C’est une photo que j’ai prise de Rebekah Kolp, ma meilleure amie. Elle a fait l’artwork de mes albums “Because I Was In Love” et “Epic”. Elle m’a aidé à remonter la pente après une relation douloureuse quand j’habitais dans le Tennessee. Peu de temps après, quand je suis rentrée à la maison dans le New Jersey, je me suis inscrite à un cours de photographie dans une université libre. La photo est devenue mon mode d’expression principal pendant que je me remettais de cette rupture. Je suis par la suite allée lui rendre visite une dernière fois dans le Tennessee avant qu’elle ne déménage dans l’Indiana pour se marier, et moi-même j’ai par la suite déménagé à New York pour poursuivre ma carrière dans la musique. Nous avons recréé ce rituel que nous avions après le travail, qui consistait à acheter un paquet de cigarettes et deux canettes de Coca et à prendre la voiture pour rouler sur les routes de campagne. Nous passions nos morceaux préférés à plein volume sur l’autoradio et nous nous époumonions en chantant dessus à tue-tête, parfois en passant la tête hors de la portière. J’ai pris cette photo d’elle pendant un  moment cathartique, et elle reste ma photo préférée parmi tous mes tirages. J’y tiens plus que tout.

A propos de John Cale, qui est une grande inspiration pour toi et avec qui tu as collaboré, il a dit ça de toi : “Honesty always trumps formula. Whatever she’s singing about, you believe her. The different personas take over, and they’re all her.” Cela te semble une bonne description de tes chansons ?

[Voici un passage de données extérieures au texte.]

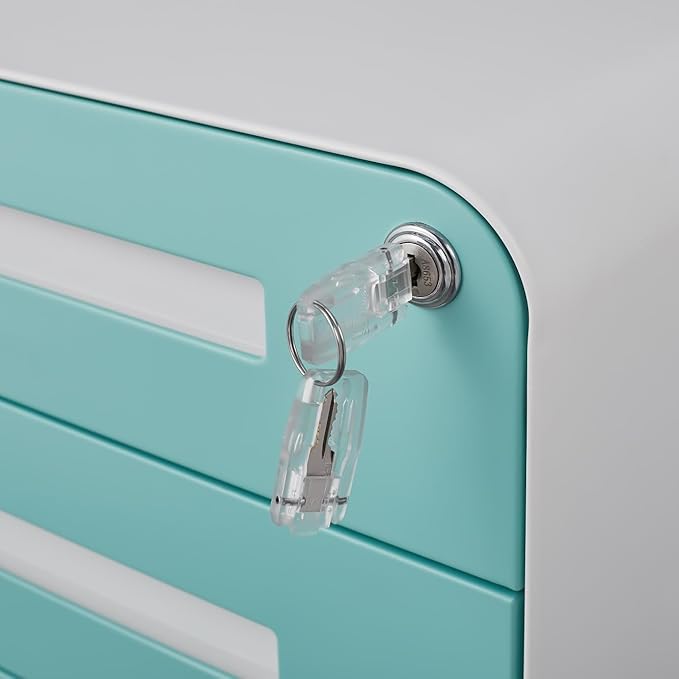 3 Drawer File Cabinet for Home Office Under Desk Mobile Filing Cabinet with Lock for A4/Letter/Legal Size 5 Wheel Anti-tilt Rolling File Cabinets Fully Assembled (Except Casters)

Ma musique est très honnête. Peut-être un peu trop. C’est tout moi, oui !

Te sens-tu capable d’écrire des textes sous un angle moins personnel ?

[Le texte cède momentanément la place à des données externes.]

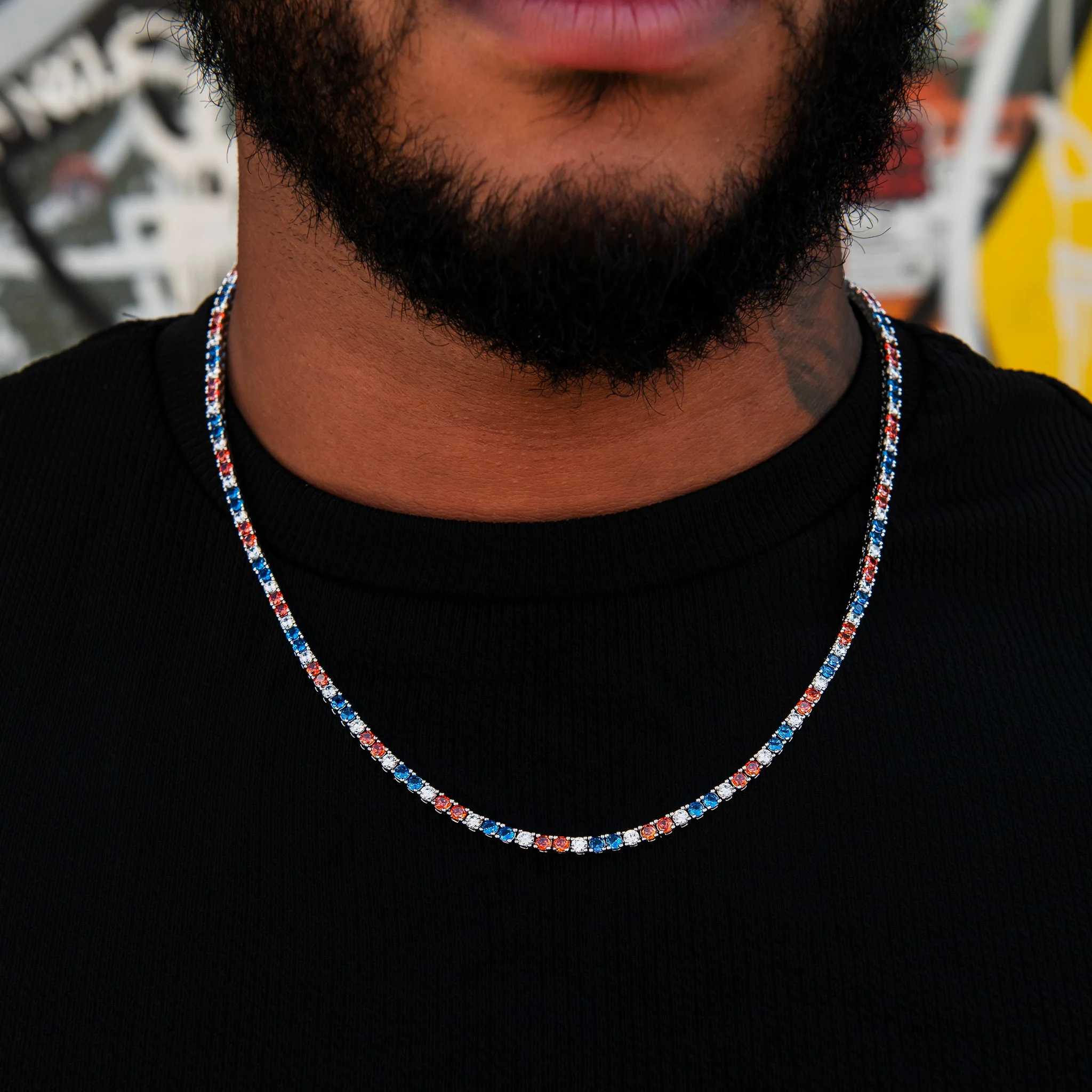 3MM Diamond Tennis Chain - Royal Blue Orange White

J’ai essayé lors de quelques projets avec d’autres personnes pour lesquelles j’ai composé des mélodies ou des harmonies. Ma musique est issue de mon auto-thérapie et mes paroles en découlent. C’est mon mode de fonctionnement. Si je devais écrire différemment, ça deviendrait de fait un tout autre projet, pour lequel il faudrait que je m’associe à quelqu’un pour ne pas retomber dans mes vieilles habitudes.

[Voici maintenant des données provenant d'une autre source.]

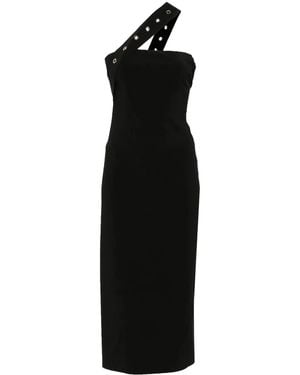 Patrizia Pepe Eyelet-Detail Midi Dress - Black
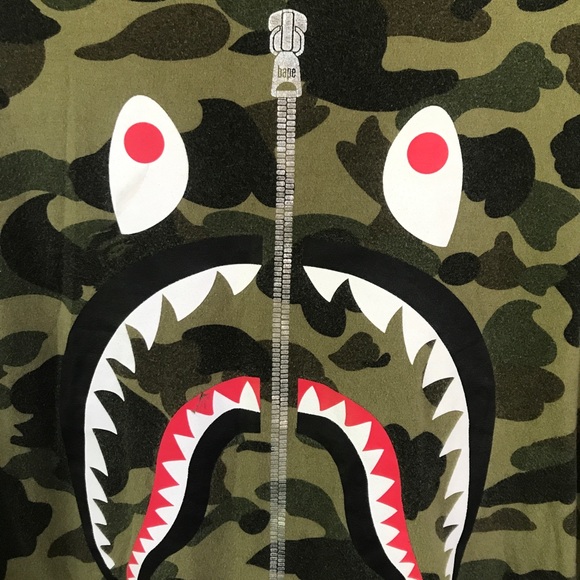 Bape A Bathing Ape Tee Camo Zipper Print Men’s Large L - Picture 6 of 7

Contrairement aux précédents, tu as enregistré cet album, et donc le nouvel EP, avec ton propre groupe. Pourquoi ?

Effectivement, je n’avais jamais travaillé en studio avec un véritable groupe avant. Pour la tournée de « Tramp », j’avais trouvé une formation avec laquelle tout fonctionnait à merveille. J’ai voulu les associer au projet pour m’aider à me renouveler et à produire un disque différent, mais qui sonnait naturel.

On vous sent très soudés sur scène. Te sentirais-tu maintenant capable de tourner avec d’autres musiciens ?

Ça me serait très difficile. Doug Keith et Heather Woods Broderick sont irremplaçables, aussi bien en tant que musiciens qu’humainement. Les tournées rendent tout le monde bipolaire, et c’est un tel luxe de pouvoir compter sur eux. Mais je sais qu’à un moment ils finiront par se consacrer à leurs propres projets, ou iront jouer avec des musiciens talentueux. J’espère seulement continuer à travailler avec eux le plus longtemps possible pour ne pas avoir à m’inquiéter du jour où ils vont partir.

​Quels sont tes projets d’ici à la fin de l’année ?

Je vais commencer l’écriture du prochain disque. Mais je veux surtout prendre du temps pour moi et profiter d’une vie normale. J’ai envie de nouvelles expériences, de découvertes, de réflexions sur tout ce qui ne concerne pas la musique. De cette façon, j’aurai de la matière pour raconter des choses intéressantes pour le prochain album.

Il ne faut donc pas s’attendre a une sortie avant 2016 !

Certainement pas, je vais prendre mon temps !

Sharon a également participé à un disque collectif, « Remembering Mountains », sur lequel une dizaine d’artistes ont mis en musique des textes écrits par la chanteuse Karen Dalton.